Two of the biggest impediments to videoconferencing are a lack of standards to make multi-screen telepresence systems from competing manufacturers work together, and the amount of bandwidth the technology chews up. Standards bodies are working on both problems.
Led by Stephen Botzko, Polycom Inc.’s director of standardization and technology, the International Telecommunication Union’s (ITU) new telepresence committee will try to unknot the proprietary standards that have been crippling high-end systems.
As Botzko explains, single-screen videoconferencing largely has no interoperability problems, but telepresence works with multiple streams and there’s no standard way of knowing how they relate to each other – a speaker on the left screen of one maker’s system may not know how to keep the person on the left of it’s screens, for example.
That gets even more complicated when screens aren’t only at the front of a room.
“It will be a bit of a challenge when the group meets [Nov. 29] to figure out what they think are the highest priority things to do,” Botzko admits.
Don’t expect recommendations before 2012.
Also, a number of manufactures have created the Unified Communications Interoperability Forum to create testing standards for certifying interoperability of UC applications. While it is working on a number of scenarios, for immersive telepresence it will wait for the ITU committee’s report.

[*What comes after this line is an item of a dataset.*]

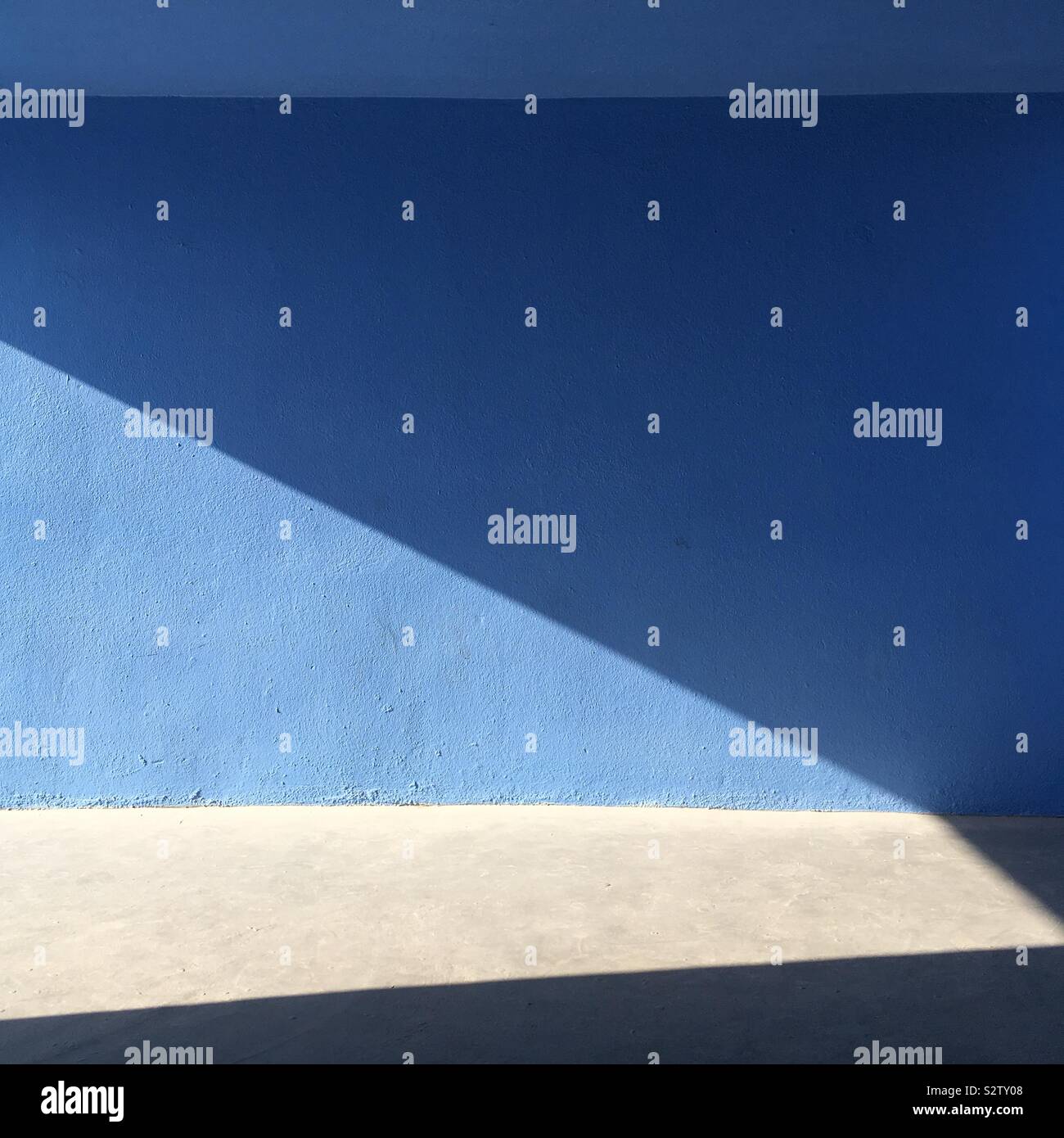 Leere blaue Wand Licht und Schatten mit weißen Boden Stockfoto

Meanwhile, a joint ITU-ISO/IEC committee, led by Gary Sullivan, Microsoft Corp.’s video and image technology architect, is working on creating the next generation of the H.264 video compression standard. Dubbed HEVC for High Efficiency Video Coding, Sullivan hopes it will achieve a 50 per cent increase in compression than the current standard, which he believes will help spread the corporate adoption of videoconferencing.
The committee is dealing with 27 proposals from manufacturers and carriers around the world, but Sullivan says they are “remarkably similar.” The committee is free to pick the best pieces from the approaches.
Look for the new standard in either 2012 or 2013.